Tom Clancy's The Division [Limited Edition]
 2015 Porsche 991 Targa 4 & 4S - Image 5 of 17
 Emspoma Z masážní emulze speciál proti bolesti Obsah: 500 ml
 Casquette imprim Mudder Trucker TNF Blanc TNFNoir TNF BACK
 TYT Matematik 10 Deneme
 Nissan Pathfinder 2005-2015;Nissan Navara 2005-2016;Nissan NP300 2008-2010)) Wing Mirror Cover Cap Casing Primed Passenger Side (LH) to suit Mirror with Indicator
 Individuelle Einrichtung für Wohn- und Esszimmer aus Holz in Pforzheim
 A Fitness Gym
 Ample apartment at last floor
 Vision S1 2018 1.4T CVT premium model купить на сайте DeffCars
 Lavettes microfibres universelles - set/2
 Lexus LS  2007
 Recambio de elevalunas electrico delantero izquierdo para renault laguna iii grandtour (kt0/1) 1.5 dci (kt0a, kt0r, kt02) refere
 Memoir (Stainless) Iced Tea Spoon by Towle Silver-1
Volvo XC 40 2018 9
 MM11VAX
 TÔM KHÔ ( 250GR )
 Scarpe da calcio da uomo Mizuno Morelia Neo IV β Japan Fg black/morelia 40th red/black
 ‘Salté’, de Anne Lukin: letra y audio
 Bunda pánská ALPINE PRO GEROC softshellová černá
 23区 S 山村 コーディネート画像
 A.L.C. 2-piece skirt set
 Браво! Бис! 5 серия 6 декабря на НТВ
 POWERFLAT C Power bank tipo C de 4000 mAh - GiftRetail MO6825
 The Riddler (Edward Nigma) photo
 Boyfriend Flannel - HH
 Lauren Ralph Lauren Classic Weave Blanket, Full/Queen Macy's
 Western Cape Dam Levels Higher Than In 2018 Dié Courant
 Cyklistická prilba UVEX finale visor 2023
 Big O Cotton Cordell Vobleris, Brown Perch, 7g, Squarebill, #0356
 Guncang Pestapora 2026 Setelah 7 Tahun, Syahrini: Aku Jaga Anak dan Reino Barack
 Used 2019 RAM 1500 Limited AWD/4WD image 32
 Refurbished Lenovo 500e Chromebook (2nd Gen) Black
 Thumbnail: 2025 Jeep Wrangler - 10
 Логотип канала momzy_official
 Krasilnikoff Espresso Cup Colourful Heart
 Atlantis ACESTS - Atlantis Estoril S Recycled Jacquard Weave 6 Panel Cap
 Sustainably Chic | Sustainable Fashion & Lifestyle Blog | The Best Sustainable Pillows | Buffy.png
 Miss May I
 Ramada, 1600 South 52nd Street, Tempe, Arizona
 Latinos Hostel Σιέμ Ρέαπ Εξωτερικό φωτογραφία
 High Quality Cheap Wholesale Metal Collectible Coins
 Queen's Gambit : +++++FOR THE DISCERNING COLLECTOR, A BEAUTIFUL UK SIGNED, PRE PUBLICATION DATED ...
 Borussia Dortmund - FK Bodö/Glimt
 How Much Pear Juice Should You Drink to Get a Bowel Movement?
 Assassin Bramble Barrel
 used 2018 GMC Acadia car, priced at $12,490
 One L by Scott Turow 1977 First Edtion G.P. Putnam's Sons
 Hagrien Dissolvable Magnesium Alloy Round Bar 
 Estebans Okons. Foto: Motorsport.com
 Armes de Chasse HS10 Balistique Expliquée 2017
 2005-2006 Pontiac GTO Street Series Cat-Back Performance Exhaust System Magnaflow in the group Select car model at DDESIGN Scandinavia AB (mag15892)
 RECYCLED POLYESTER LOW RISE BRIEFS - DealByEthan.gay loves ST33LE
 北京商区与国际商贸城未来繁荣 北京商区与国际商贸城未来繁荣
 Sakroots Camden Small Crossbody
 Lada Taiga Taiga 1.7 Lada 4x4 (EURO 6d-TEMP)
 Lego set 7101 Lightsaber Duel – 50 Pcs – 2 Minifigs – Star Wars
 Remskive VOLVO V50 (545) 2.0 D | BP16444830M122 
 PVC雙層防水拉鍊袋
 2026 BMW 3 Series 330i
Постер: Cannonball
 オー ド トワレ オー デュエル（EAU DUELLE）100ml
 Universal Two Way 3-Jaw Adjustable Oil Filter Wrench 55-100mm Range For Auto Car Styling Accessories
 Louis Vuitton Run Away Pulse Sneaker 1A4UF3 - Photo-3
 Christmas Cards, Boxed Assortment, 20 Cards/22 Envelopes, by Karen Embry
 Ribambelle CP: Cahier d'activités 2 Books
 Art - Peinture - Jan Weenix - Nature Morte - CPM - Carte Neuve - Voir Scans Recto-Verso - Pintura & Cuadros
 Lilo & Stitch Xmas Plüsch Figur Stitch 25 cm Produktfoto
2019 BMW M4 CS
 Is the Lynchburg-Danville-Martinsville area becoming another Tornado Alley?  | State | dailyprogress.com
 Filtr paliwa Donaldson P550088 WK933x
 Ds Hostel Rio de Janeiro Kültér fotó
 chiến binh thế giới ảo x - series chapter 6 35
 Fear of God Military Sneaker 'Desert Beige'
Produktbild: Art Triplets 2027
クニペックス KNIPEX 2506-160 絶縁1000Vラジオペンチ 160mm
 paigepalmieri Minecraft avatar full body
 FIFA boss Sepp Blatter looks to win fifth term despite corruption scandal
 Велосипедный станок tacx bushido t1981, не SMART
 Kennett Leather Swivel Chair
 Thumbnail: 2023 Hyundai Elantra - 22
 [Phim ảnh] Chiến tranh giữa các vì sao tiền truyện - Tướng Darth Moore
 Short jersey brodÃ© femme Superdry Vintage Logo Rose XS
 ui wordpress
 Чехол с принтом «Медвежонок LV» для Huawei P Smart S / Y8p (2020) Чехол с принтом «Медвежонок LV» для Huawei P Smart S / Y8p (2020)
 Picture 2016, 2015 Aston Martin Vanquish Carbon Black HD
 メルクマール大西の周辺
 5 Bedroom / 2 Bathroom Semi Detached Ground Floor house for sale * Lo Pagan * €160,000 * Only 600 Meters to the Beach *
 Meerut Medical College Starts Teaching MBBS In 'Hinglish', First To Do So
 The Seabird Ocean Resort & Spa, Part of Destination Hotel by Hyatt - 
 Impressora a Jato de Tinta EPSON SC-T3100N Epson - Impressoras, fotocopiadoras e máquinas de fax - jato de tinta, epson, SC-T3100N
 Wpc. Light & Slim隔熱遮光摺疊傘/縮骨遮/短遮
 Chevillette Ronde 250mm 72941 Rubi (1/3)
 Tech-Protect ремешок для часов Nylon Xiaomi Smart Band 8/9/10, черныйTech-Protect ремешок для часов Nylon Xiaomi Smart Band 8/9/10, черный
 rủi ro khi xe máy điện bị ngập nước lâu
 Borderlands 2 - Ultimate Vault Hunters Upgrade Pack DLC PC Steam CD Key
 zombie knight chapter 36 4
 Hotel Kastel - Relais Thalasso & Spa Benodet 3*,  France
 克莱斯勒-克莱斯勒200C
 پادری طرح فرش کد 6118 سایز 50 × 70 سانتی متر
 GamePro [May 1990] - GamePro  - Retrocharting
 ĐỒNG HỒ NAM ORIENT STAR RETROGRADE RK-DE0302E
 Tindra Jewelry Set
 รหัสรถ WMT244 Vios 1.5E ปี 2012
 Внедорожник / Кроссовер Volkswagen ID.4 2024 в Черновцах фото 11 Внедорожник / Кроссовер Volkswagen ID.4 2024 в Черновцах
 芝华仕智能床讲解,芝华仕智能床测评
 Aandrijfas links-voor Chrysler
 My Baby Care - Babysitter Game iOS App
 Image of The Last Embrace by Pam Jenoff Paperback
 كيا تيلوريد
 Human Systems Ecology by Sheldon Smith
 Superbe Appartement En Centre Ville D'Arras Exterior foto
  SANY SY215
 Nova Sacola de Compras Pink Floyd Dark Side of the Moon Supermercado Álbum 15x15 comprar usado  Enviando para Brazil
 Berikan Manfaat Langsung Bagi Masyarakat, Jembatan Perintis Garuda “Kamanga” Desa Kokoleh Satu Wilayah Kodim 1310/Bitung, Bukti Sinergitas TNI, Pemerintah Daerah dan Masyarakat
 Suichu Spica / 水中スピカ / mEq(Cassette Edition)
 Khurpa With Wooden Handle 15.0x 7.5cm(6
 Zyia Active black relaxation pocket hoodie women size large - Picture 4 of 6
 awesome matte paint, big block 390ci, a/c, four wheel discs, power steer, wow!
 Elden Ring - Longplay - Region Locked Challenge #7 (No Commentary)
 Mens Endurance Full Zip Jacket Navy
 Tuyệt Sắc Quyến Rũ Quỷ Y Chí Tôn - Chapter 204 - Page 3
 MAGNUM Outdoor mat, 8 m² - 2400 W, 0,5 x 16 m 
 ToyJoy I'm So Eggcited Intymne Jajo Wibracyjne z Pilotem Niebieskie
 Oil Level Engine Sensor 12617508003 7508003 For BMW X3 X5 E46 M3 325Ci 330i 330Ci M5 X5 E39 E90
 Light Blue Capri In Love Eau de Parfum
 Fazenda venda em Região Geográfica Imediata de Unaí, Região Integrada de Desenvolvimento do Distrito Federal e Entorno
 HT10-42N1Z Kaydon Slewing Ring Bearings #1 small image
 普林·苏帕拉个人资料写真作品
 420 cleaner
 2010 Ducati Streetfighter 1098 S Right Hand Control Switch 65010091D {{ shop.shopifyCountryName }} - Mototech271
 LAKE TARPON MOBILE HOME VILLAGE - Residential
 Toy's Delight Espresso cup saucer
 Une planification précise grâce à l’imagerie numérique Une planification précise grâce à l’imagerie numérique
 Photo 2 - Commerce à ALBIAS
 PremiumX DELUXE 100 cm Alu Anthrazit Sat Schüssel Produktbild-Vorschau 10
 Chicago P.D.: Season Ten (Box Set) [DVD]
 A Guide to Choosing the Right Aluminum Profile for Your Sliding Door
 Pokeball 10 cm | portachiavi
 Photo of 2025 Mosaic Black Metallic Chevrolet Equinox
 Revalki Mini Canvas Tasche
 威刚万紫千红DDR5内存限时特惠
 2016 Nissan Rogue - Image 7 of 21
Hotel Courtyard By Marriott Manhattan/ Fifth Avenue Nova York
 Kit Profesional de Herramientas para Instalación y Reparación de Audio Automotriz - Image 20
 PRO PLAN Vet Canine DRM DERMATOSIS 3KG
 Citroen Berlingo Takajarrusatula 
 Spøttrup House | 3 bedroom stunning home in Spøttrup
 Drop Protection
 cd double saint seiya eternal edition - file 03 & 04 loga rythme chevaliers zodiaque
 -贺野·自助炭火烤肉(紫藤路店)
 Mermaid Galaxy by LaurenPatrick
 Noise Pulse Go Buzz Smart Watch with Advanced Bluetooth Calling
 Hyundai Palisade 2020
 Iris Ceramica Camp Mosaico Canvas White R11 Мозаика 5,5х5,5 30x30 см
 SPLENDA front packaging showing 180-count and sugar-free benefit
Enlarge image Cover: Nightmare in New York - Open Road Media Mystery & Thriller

• YOUR ASSIGNMENT: Repeat the material word for word from its opening line up to and including the line containing "Latinos Hostel Σιέμ".

• RESPONSE TO THIS EXERCISE:
Tom Clancy's The Division [Limited Edition]
 2015 Porsche 991 Targa 4 & 4S - Image 5 of 17
 Emspoma Z masážní emulze speciál proti bolesti Obsah: 500 ml
 Casquette imprim Mudder Trucker TNF Blanc TNFNoir TNF BACK
 TYT Matematik 10 Deneme
 Nissan Pathfinder 2005-2015;Nissan Navara 2005-2016;Nissan NP300 2008-2010)) Wing Mirror Cover Cap Casing Primed Passenger Side (LH) to suit Mirror with Indicator
 Individuelle Einrichtung für Wohn- und Esszimmer aus Holz in Pforzheim
 A Fitness Gym
 Ample apartment at last floor
 Vision S1 2018 1.4T CVT premium model купить на сайте DeffCars
 Lavettes microfibres universelles - set/2
 Lexus LS  2007
 Recambio de elevalunas electrico delantero izquierdo para renault laguna iii grandtour (kt0/1) 1.5 dci (kt0a, kt0r, kt02) refere
 Memoir (Stainless) Iced Tea Spoon by Towle Silver-1
Volvo XC 40 2018 9
 MM11VAX
 TÔM KHÔ ( 250GR )
 Scarpe da calcio da uomo Mizuno Morelia Neo IV β Japan Fg black/morelia 40th red/black
 ‘Salté’, de Anne Lukin: letra y audio
 Bunda pánská ALPINE PRO GEROC softshellová černá
 23区 S 山村 コーディネート画像
 A.L.C. 2-piece skirt set
 Браво! Бис! 5 серия 6 декабря на НТВ
 POWERFLAT C Power bank tipo C de 4000 mAh - GiftRetail MO6825
 The Riddler (Edward Nigma) photo
 Boyfriend Flannel - HH
 Lauren Ralph Lauren Classic Weave Blanket, Full/Queen Macy's
 Western Cape Dam Levels Higher Than In 2018 Dié Courant
 Cyklistická prilba UVEX finale visor 2023
 Big O Cotton Cordell Vobleris, Brown Perch, 7g, Squarebill, #0356
 Guncang Pestapora 2026 Setelah 7 Tahun, Syahrini: Aku Jaga Anak dan Reino Barack
 Used 2019 RAM 1500 Limited AWD/4WD image 32
 Refurbished Lenovo 500e Chromebook (2nd Gen) Black
 Thumbnail: 2025 Jeep Wrangler - 10
 Логотип канала momzy_official
 Krasilnikoff Espresso Cup Colourful Heart
 Atlantis ACESTS - Atlantis Estoril S Recycled Jacquard Weave 6 Panel Cap
 Sustainably Chic | Sustainable Fashion & Lifestyle Blog | The Best Sustainable Pillows | Buffy.png
 Miss May I
 Ramada, 1600 South 52nd Street, Tempe, Arizona
 Latinos Hostel Σιέμ Ρέαπ Εξωτερικό φωτογραφία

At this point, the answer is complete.